My Custom Power Supply (is complete!)

2018-10-18 18:29 - Making

You might not truly be an electronics nerd until you build your own power supply. Either way, I've finally passed that threshold. As I've mentioned previously (and previouslier), I've been working on mine — very slowly, off and on — for most of a year. The bare start came with a guide posted to Hackaday about using nichrome wire to heat and bend acrylic plastic in straight lines, to make cases.

The top half of my power supply case, freshly bent up. The bottom half of my power supply case, which needed some work.

I previously failed to bend the top correctly, and broke it in the process. I took more time, and made sure the folds-to-be were more thoroughly melted before pushing this time, and it came out almost perfect. There's one line in the top left where I melted the plastic enough to make a visible mark in the non-bent bit. (This is a fold down of the side. The holes on the top attach the side piece through this small folded piece.) I might have been able to avoid this, but it's only a small cosmetic issue, and more visible in pictures than in person.

The bottom needed work. I trimmed off bits of the sides to get the front lip to fold in, and later I ended up needing to cut off most of that lip. Some detail didn't go quite right in the planning and design. Worse, I got it left-right backwards. I chose plastic with a matte finish, but it is matte only on one side. I put the wrong side up (out) when cutting, so to get the matte surface on the outside, everything was flipped. This worked out mostly okay, but the (perhaps unnecessary) fan is blocked more than I would have hoped, and I had to extend some wires inside to make everything reach where it's supposed to.

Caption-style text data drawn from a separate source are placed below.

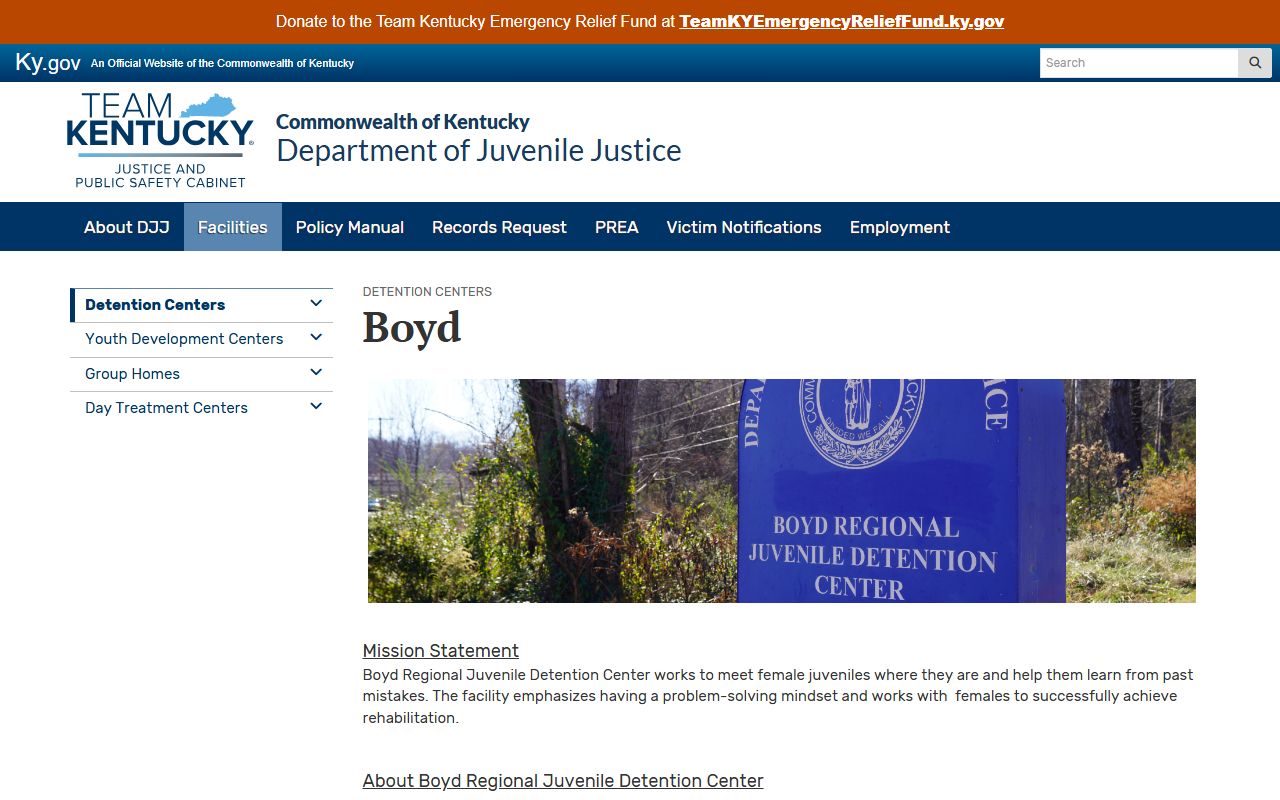 Boyd Regional Juvenile Detention Center custody and DJJ facility page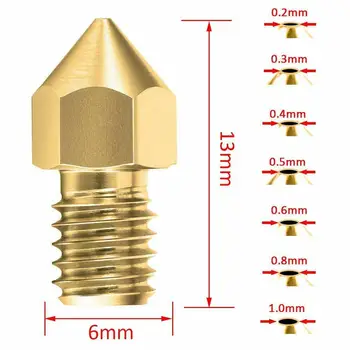 

22PCS Nozzles For 3D Printer Extruder Print Head 0.2/0.3/0.4/0.5/0.6/0.8/1.0 mm Made of brass, it is more durable and compact.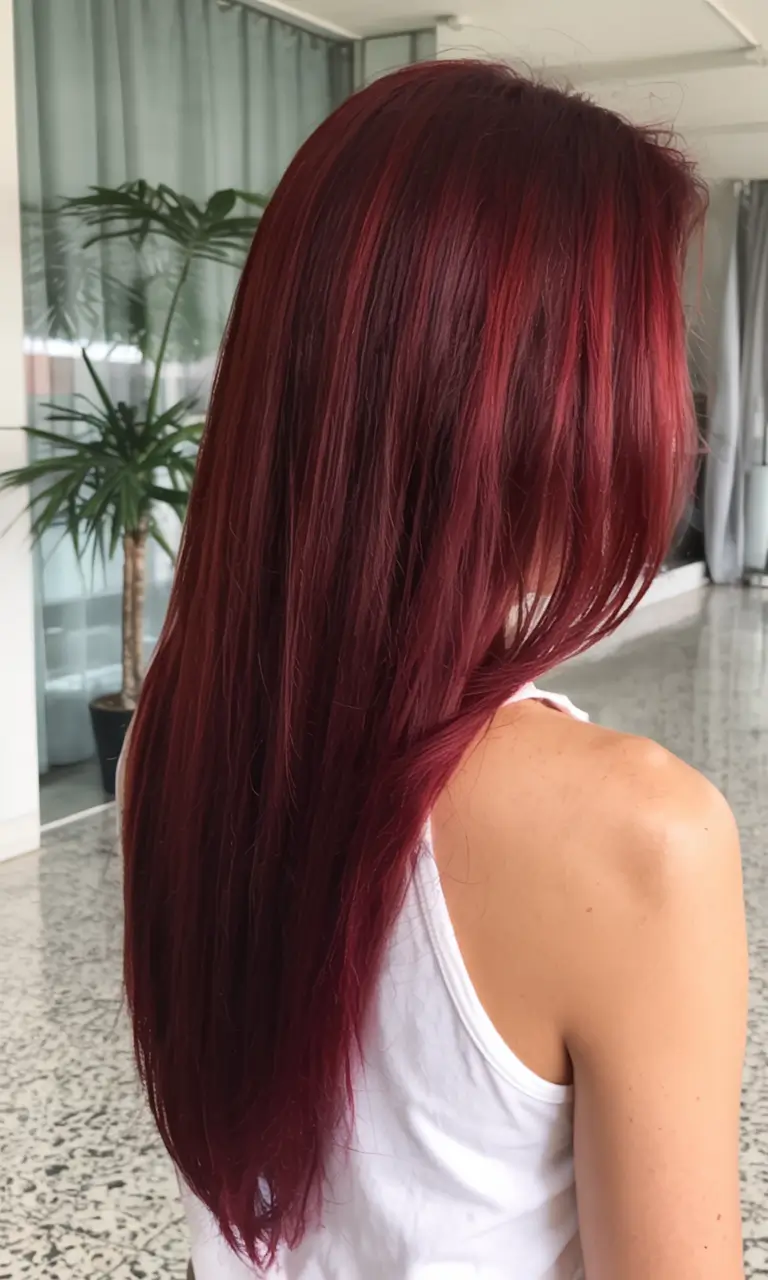 fall red hair color ideas 2025 Straight Ruby Shine with Natural Root Depth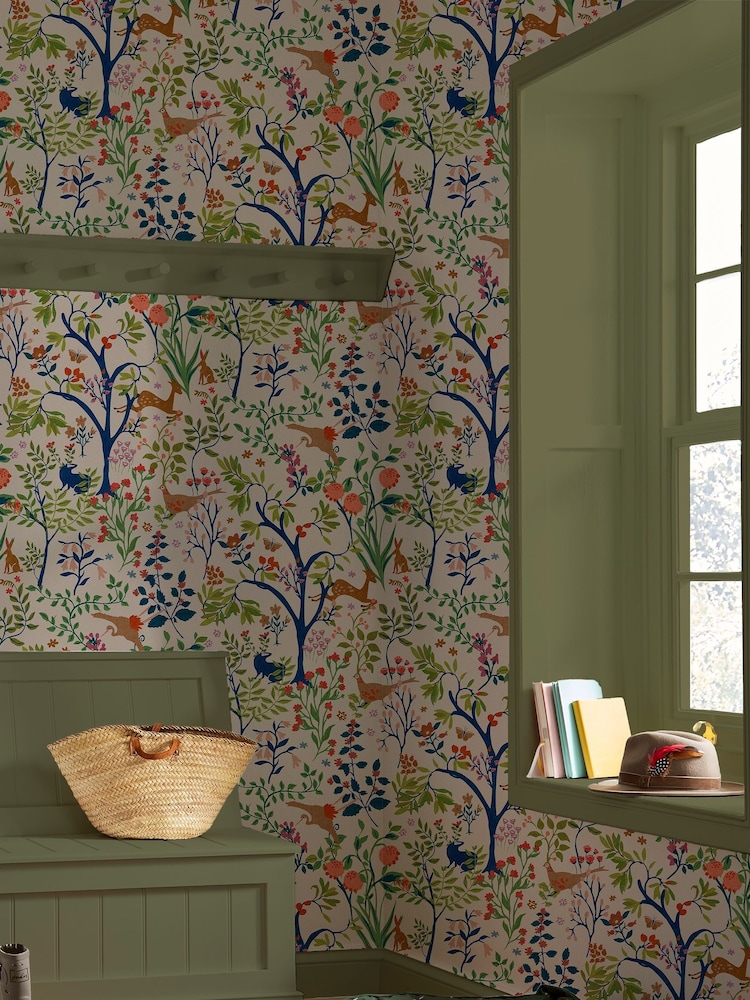 Joules Cream Enchanted Woodland Antique 10M Wallpaper - Image 1 of 4
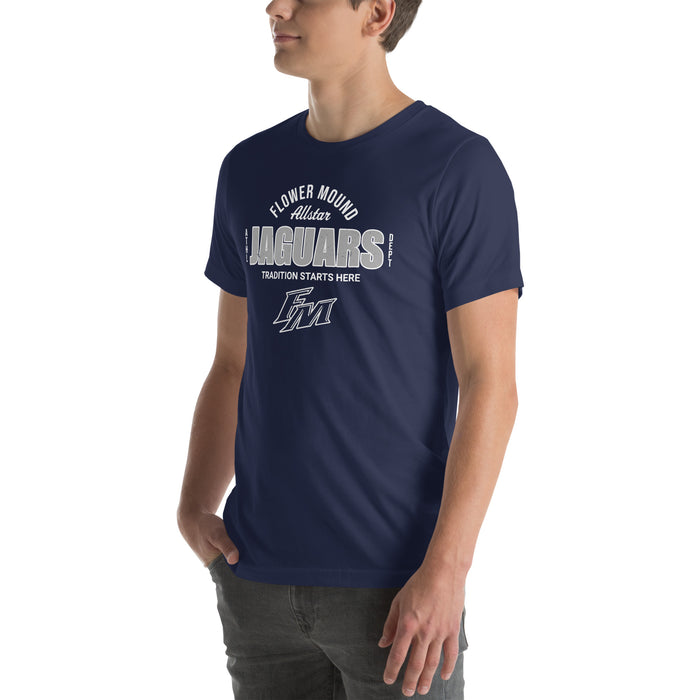 Man wearing Flower Mound High School Jaguars Navy Blue Premium T-shirt 040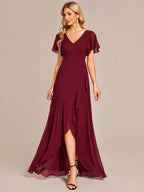 Double V-Neck Flutter Sleeve Flowy Slit Maxi Gown | Oyese
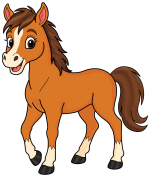Happy Young Horse with a Friendly Smile 🐴🌟🌾 Colored Example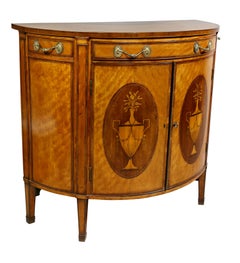 George III Satinwood and Marquetry Demilune Commode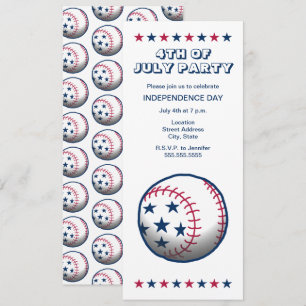 Invitation La fête de l'indépendance de baseball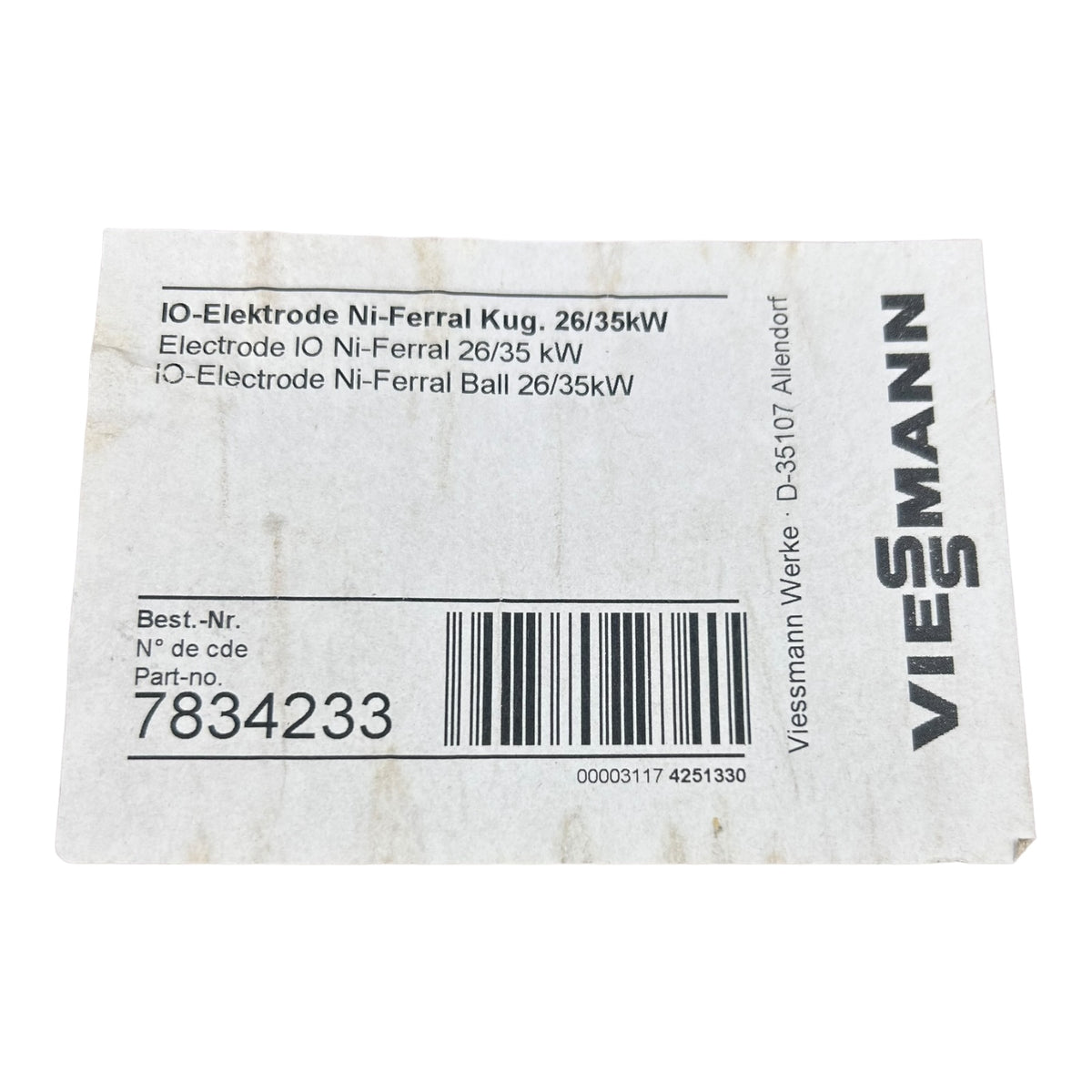 Ionisationselektrode für Viessmann Vitodens 300 ab 2007 | 7834233 ers. 7826505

The worst issue with the case is that I had barely experimented with the plastic folding, so I had to guess in a few places and didn't get what I'd have really liked. Some of the parts are located too close to the edge, causing a fold to warp or stretch inelegantly. I had to mostly guess about where the various surfaces would end up relative to each other to get things like screw holes to align. On the inner half, I made the screw holes elongated to cope with this, which ended up helping a lot later on!

The back of the rectifier board, close up. The rectifier board, wired to the transformer, with the case.

The custom circuitry is really just this rectifier board. The diodes are tacked on the back — their leads are too thick to fit through the holes. The other side is stuffed full of capacitors, and another rectifier for the lower voltage half of the circuit, hooked to (I think) the transformer's center tap. That transformer was salvaged from a failed UPS. It's supposed to handle 1200 watts, so although I don't know its precise specs, I'm comfortable with what use I'm putting it to, here.

The transformer and rectifier, in place. Close up of the front side of the rectifier.

Things are getting more assembled here. The transformer is in place, and the rectifier board is nestled right next to it. On this side, it's brimming with capacitors (and one inductor) to smooth out the rectified AC voltage. There's hot melt glue everywhere. The fan is tucked behind the transformer, and at the left you can see the back of the plug/switch/fuse. I've been careful to heat shrink and/or hot glue exposed conductors. The bottom has slots for air intake, and you can see the extra cuts I've made, where things didn't fit quite as planned. After this point there was a significant delay as I decided to pause, to get black nylon (non conductive!) screws to assemble with. Then did it again when, only after receiving them, I realized the ones I ordered were too short to work for this.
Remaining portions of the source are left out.